Could you give the data below again exactly, apart from the pictures?

- TASK INPUT
┌──
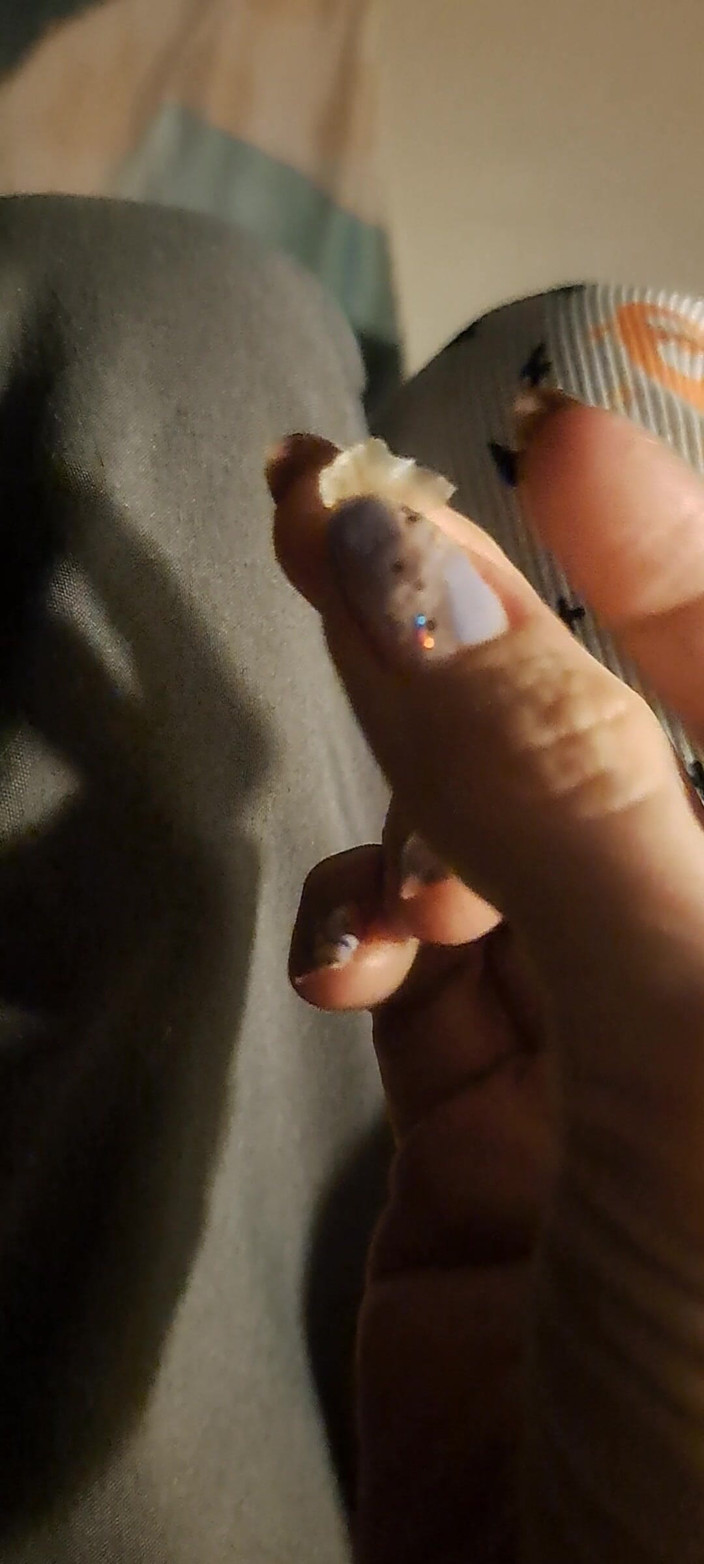 PandoraSG: Пілінг величезного пластівця шкіри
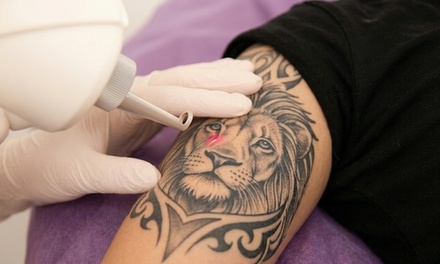 One Laser Tattoo Removal Session on a Small Area - Skin City 13 & Laser tattoo removal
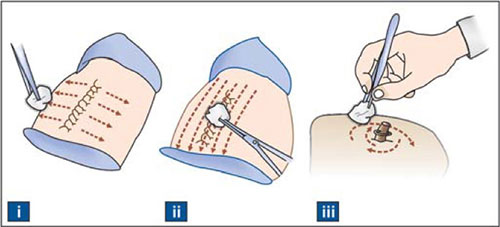 definition of wound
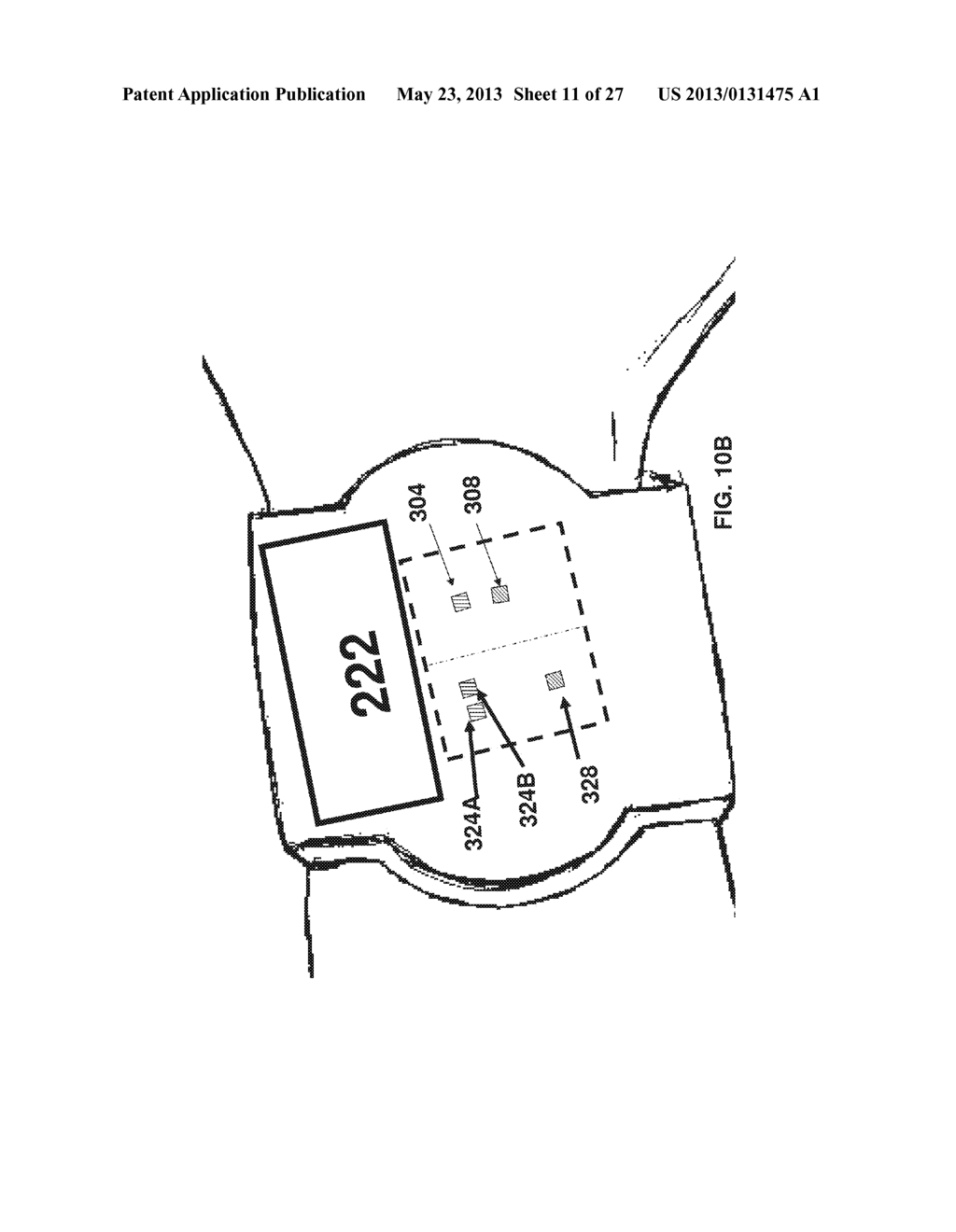 PHOTOPLETHYSMOGRAPHY DEVICE AND METHOD - diagram, schematic, and image 12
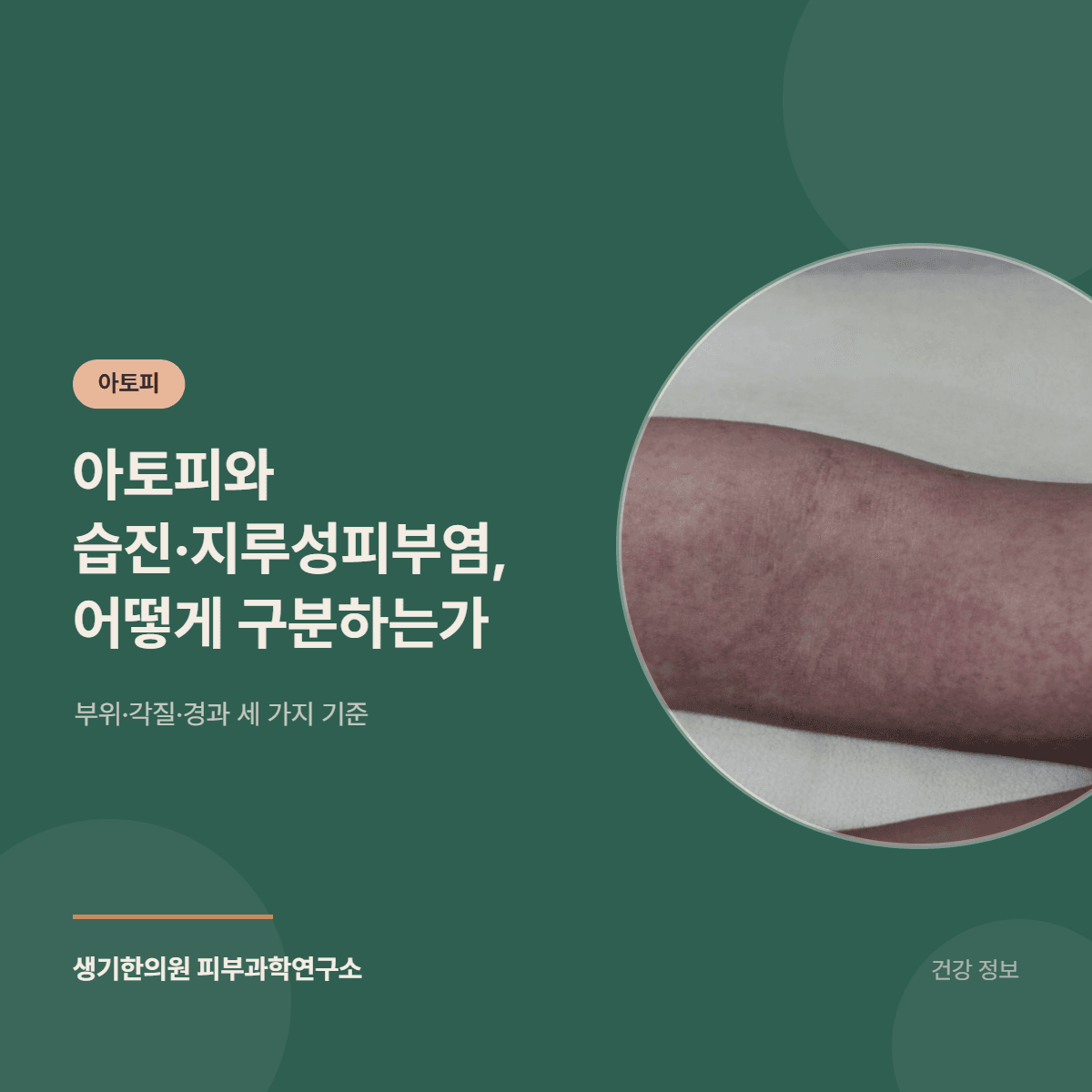 아토피와 습진·지루성피부염, 어떻게 구분하는가 — 부위·각질·경과 세 가지 기준 대표 이미지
└──
- COMPLETED EXERCISE
 PandoraSG: Пілінг величезного пластівця шкіри
 One Laser Tattoo Removal Session on a Small Area - Skin City 13 & Laser tattoo removal
 definition of wound
 PHOTOPLETHYSMOGRAPHY DEVICE AND METHOD - diagram, schematic, and image 12
 아토피와 습진·지루성피부염, 어떻게 구분하는가 — 부위·각질·경과 세 가지 기준 대표 이미지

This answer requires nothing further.